I get this error by running the “riva_init.sh” in the Riva quick-start folder version 2.7.0. The model is a fine-tuned stt_en_conformer_ctc_large model using this training notebook in the Riva tutorials NeMo version 1.15.0. With only changes to config being data, learning rate, vocab.
My nemo2riva and riva-build commands do not give any errors.

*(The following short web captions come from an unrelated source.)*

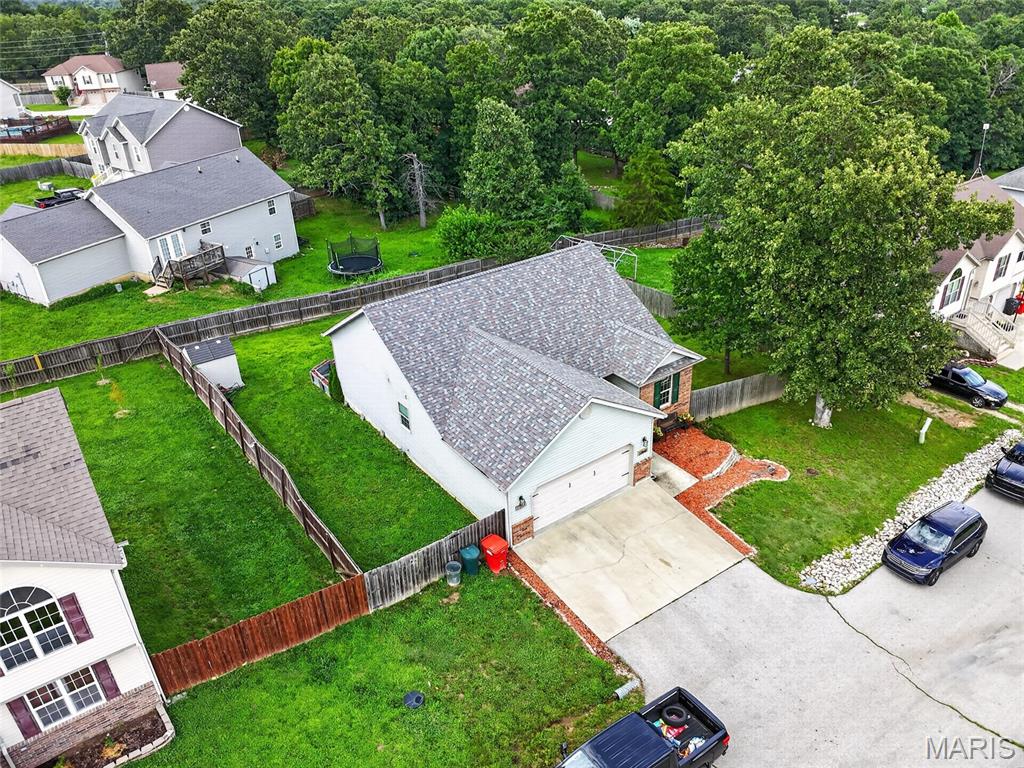 TAYLOR HILLS - Residential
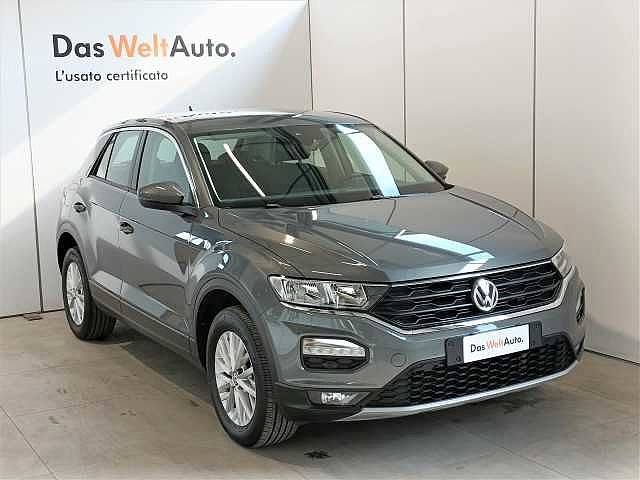 Volkswagen T-ROC 2.0 TDI STYLE DSG 150CV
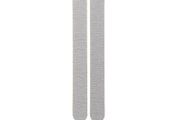 15pcs - Nail Files Double Sided 100/180 Grit - STRAIGHT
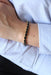 Bracelet Bracelet Yellow gold Sapphire 58 Facettes 2075330CN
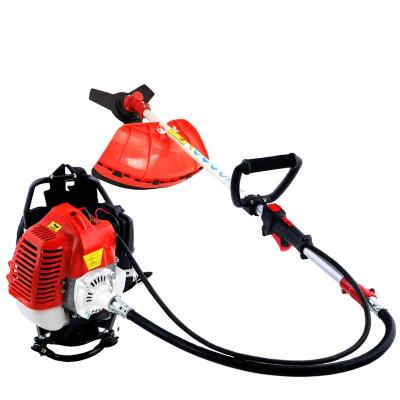 China factory supply 2-Stroke two/four stroke manual backpack brush cutter with low price for sale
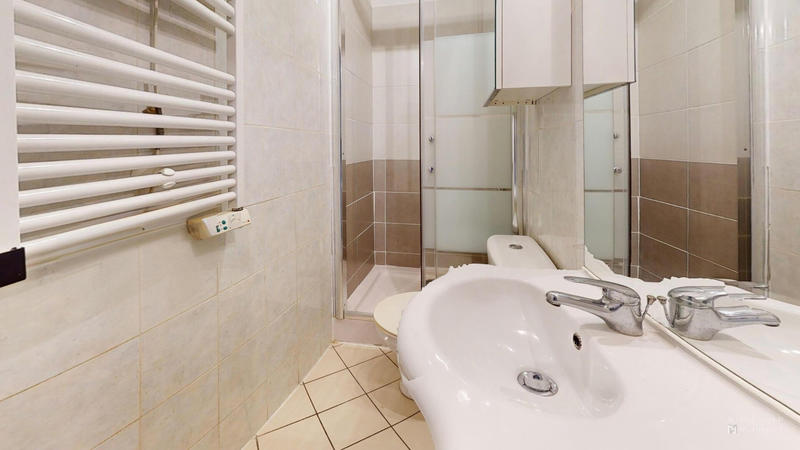 Appartement - 52 m² - 3 pièces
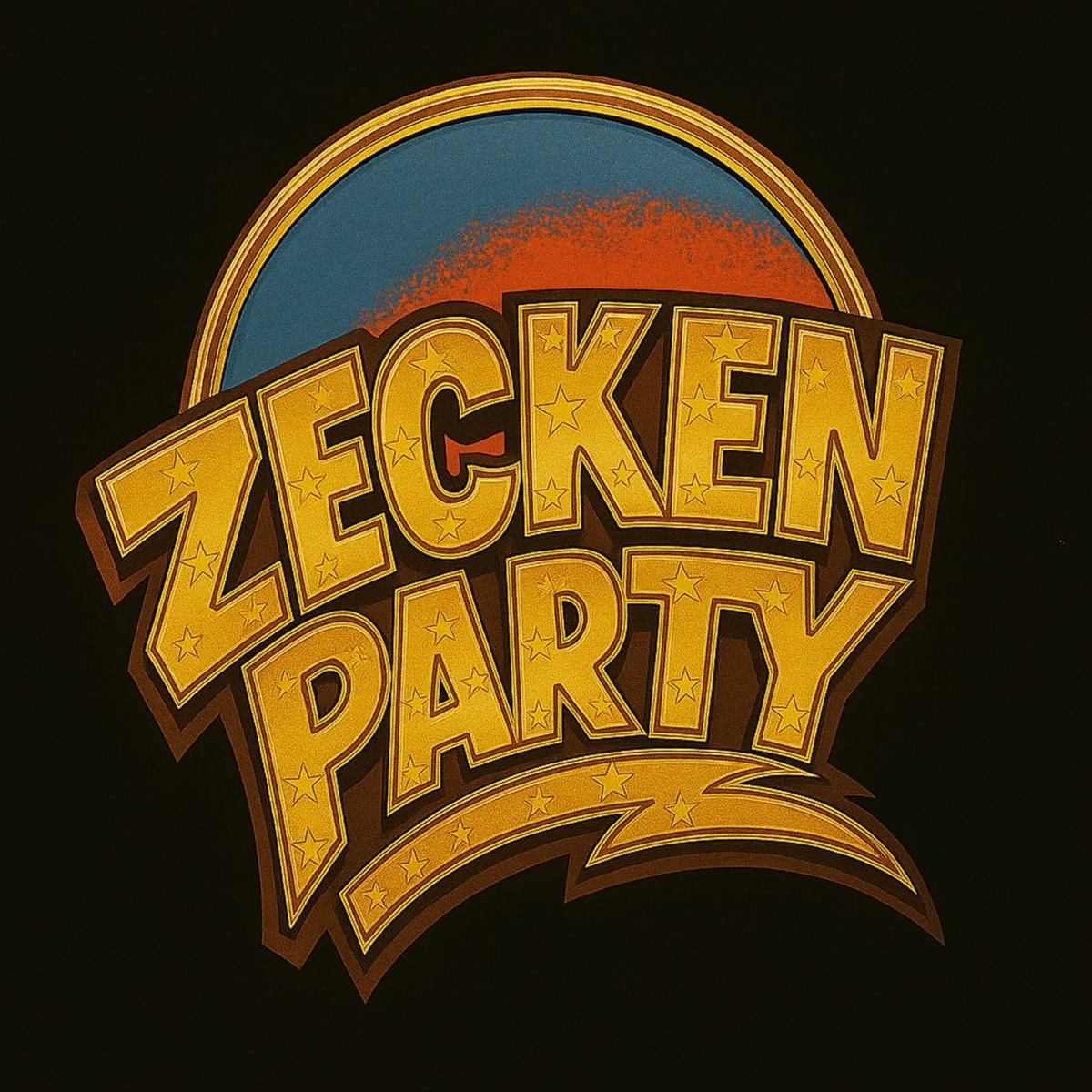 ZECKENPARTY (feat. 7apes) - Single by KALASZNIKO album cover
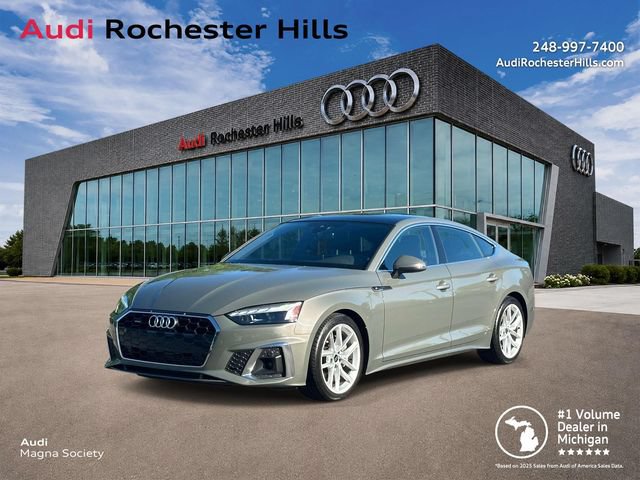 Used 2023 Audi A5 2.0T Premium Plus w/ Premium Plus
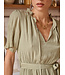 Flowy boho chic dress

My riva-build command before running riva_init.sh:
riva-build speech_recognition
/data/rmir/stt_en_conformer_ctc_large.rmir
/servicemaker-dev/Conformer-CTC-BPE.riva
–name=conformer-en-US-asr-streaming
–featurizer.use_utterance_norm_params=False
–featurizer.precalc_norm_time_steps=0
–featurizer.precalc_norm_params=False
–ms_per_timestep=40
–endpointing.start_history=200
–nn.fp16_needs_obey_precision_pass
–endpointing.residue_blanks_at_start=-2
–chunk_size=0.16
–left_padding_size=1.92
–right_padding_size=1.92
–decoder_type=greedy
–language_code=en-US

Any help on this would be much appreciated.

Hi @adjohnson

Thanks for your interest in Riva

I guess it is enough to mount the /data folder in start, in place of /data/models and /data/rmir that was used

Please verify the /data folder to be mounted has the models folder and subsequent required models inside it

i.e after your deploy

riva-deploy -f <rmir_filename>:<encryption_key> /data/models

Use

docker run -d --gpus 1 --init --shm-size=1G --ulimit memlock=-1 --ulimit stack=67108864 \
        -v /data:/data             \
        -p 50051:50051                \
        -e "CUDA_VISIBLE_DEVICES=0"   \
        --name riva-speech                \
        nvcr.io/nvidia/riva/riva-speech:2.9.0 \
        start-riva  --riva-uri=0.0.0.0:50051 --nlp_service=true --asr_service=true --tts_service=true

please find the document reference
https://docs.nvidia.com/deeplearning/riva/user-guide/docs/model-overview.html#custom-models

Thanks

To update:
I ran the same deployment process using Riva 2.9.0 and the model successfully deployed and ran. My initial guess is that the documentation is wrong on what versions of NeMo that the models were created on is supported by Riva?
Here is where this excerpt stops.